What you will do: Repeat exactly the lines of the entries below from the one with "2 pz Fioriere" through the one with "Hatching Plans (WOT-020)", both ends included, and nothing else.

Data to examine:
────────────────────────────────────────

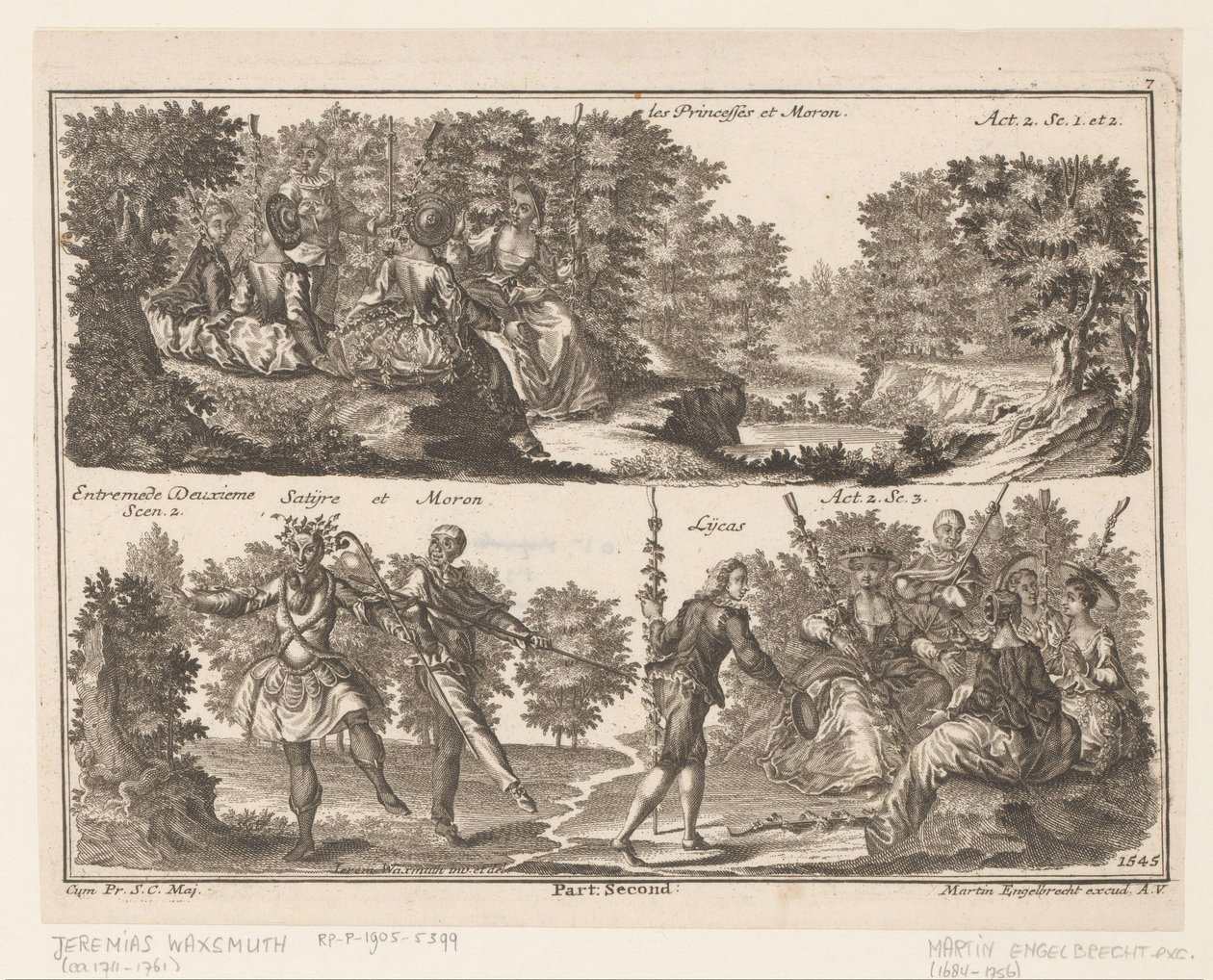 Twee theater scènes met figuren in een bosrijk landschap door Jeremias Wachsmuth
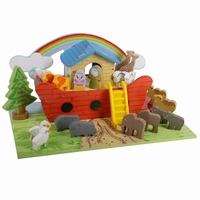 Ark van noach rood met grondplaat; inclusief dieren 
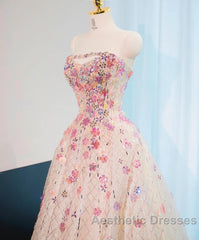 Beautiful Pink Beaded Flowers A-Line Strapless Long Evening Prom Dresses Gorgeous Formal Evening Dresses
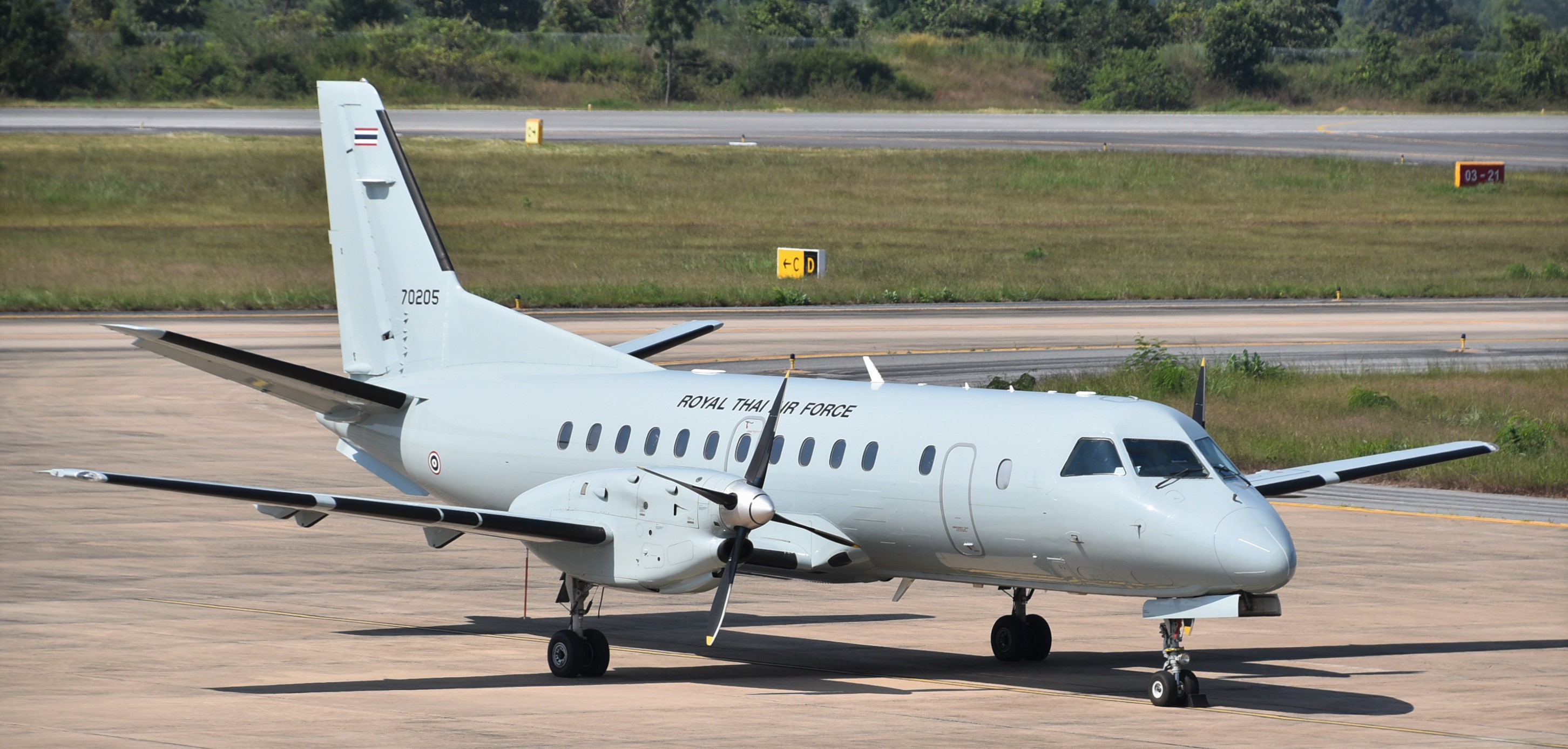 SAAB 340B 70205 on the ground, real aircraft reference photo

────────────────────────────────────────

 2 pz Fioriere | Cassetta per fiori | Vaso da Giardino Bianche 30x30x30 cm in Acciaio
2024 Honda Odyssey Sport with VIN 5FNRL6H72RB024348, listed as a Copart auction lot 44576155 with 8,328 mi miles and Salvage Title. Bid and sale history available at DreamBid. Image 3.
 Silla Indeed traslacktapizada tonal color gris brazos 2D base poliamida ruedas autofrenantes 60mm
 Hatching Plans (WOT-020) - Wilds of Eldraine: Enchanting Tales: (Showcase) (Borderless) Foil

────────────────────────────────────────

Reply:
 2 pz Fioriere | Cassetta per fiori | Vaso da Giardino Bianche 30x30x30 cm in Acciaio
2024 Honda Odyssey Sport with VIN 5FNRL6H72RB024348, listed as a Copart auction lot 44576155 with 8,328 mi miles and Salvage Title. Bid and sale history available at DreamBid. Image 3.
 Silla Indeed traslacktapizada tonal color gris brazos 2D base poliamida ruedas autofrenantes 60mm
 Hatching Plans (WOT-020) - Wilds of Eldraine: Enchanting Tales: (Showcase) (Borderless) Foil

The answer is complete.